That the stimulus didn't return the economy to the place it was before the crash is indisputable, and the fact that conservatives use arguments along those lines to show that the stimulus "failed" shows the poverty of their reasoning. The stimulus did not acheive massive economic growth and reemployment, in part because it was too small, and because of politicl realities. Nearly one third of the package was made up of tax cuts, which are a poor way of providing stimulus to the economy. Roughly one third consisted of aid to the states, which merely replaced money they were cutting from their own budgets (and thus, added no net new money to the economy). And the last third (roughly $250 billion) was spent over a period of two years.

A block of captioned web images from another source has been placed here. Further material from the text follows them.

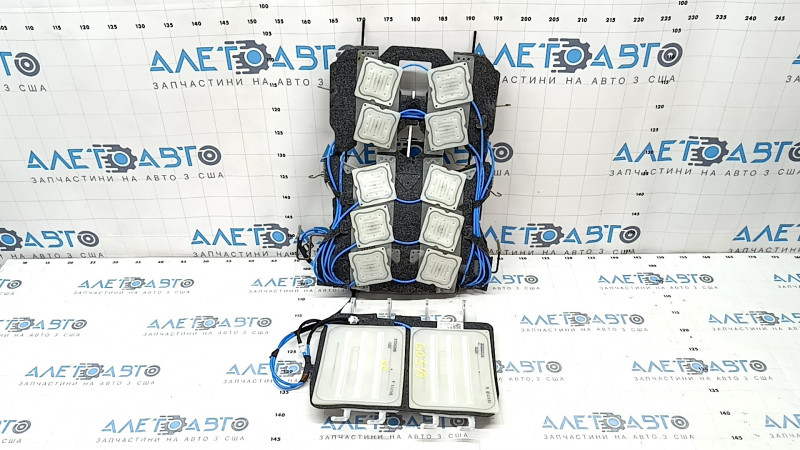 Massage mat for passenger seat BMW X5 G05 19-22 2 parts, rusty frame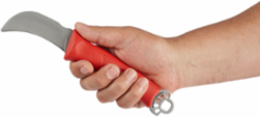 Lineman's Hawkbill Knife 3.25 Inch Stainless Steel Blade, Ergonomic Handle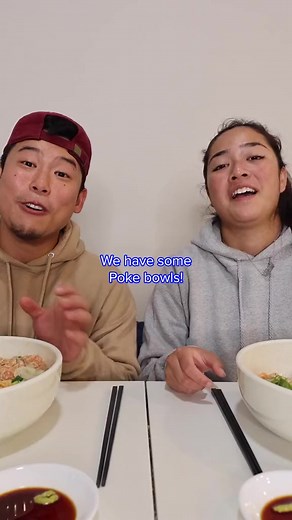 22K views · 593 reactions | Poke For Life‍ #foodislife #foodie #boyfriend #couple #poke #reels | Zach & Tee | Facebook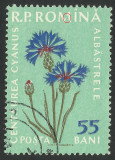 EROARE / ROMANIA 1959 LP 485 PLANTE MEDICINALE CTO - LITERA ,,M&#039;&#039; RUPTA, Flora, Stampilat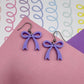 Bow Acrylic Earrings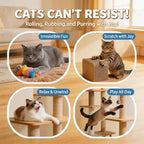 Two pack of interactive silvervine energy balls for indoor cats designed to support dental health.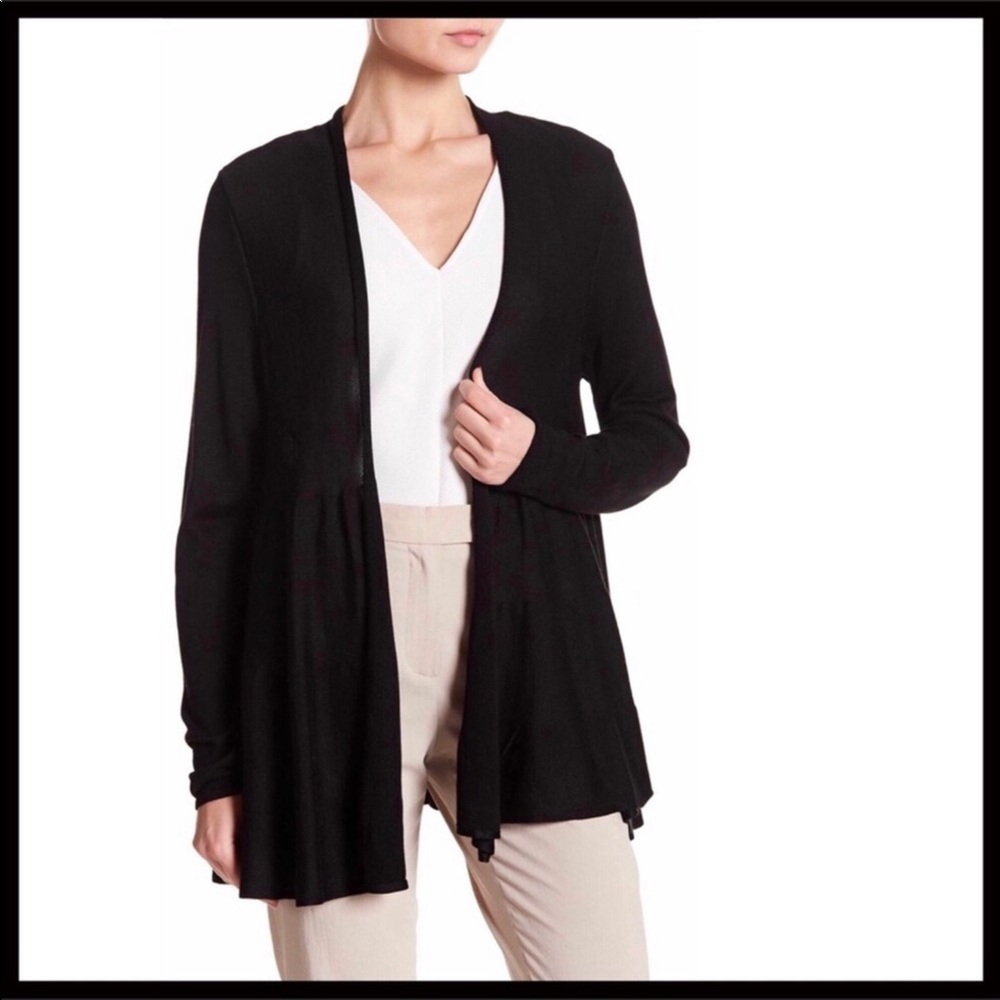 BLACK CARDIGAN DUSTER CARDI A3C - Picture 2 of 8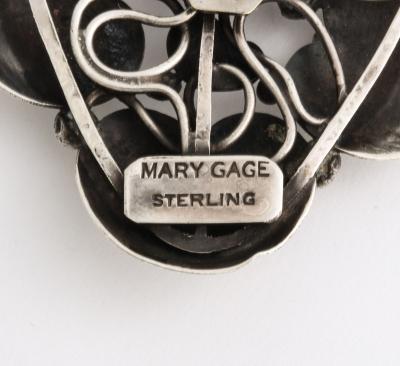 Mary Gage Clip Lotus Brooch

SO, in essence, the money the U.S. spent over two years stimulating its own economy roughly equalled the sum we spent in one year supporting the occupation of Iraq at the height of that conflict's development.

So what about the uncertainty argument? Well, this argument has the virtue of being somewhat testable. If businesses were leery of hiring workers when Obama was the leader of a party that held hte congress and had a fillibuster proof majority in the Senate, then surely the loss of the Congress and the loss of the 60 vote majority in the Senate would have restored business confidence. After all, the actions of the GOP majoriyt in Congress and the minority in the Senate have made it clear that Obama will notbe able to pass major regulatory lesgislation. Regulatory uncertainty is a thing of the past.

So business is booming now, right? Well... not quite. In fact, we're about as close to falling back into recession as we have ever been, in no part due to the fact that the last of the Obama stimulus funds are being spent, and there is little prospect of a meaningful second round. In other words: orders have dried up. Demand is falling off a cliff again, and the economy is once again teetering on the edge.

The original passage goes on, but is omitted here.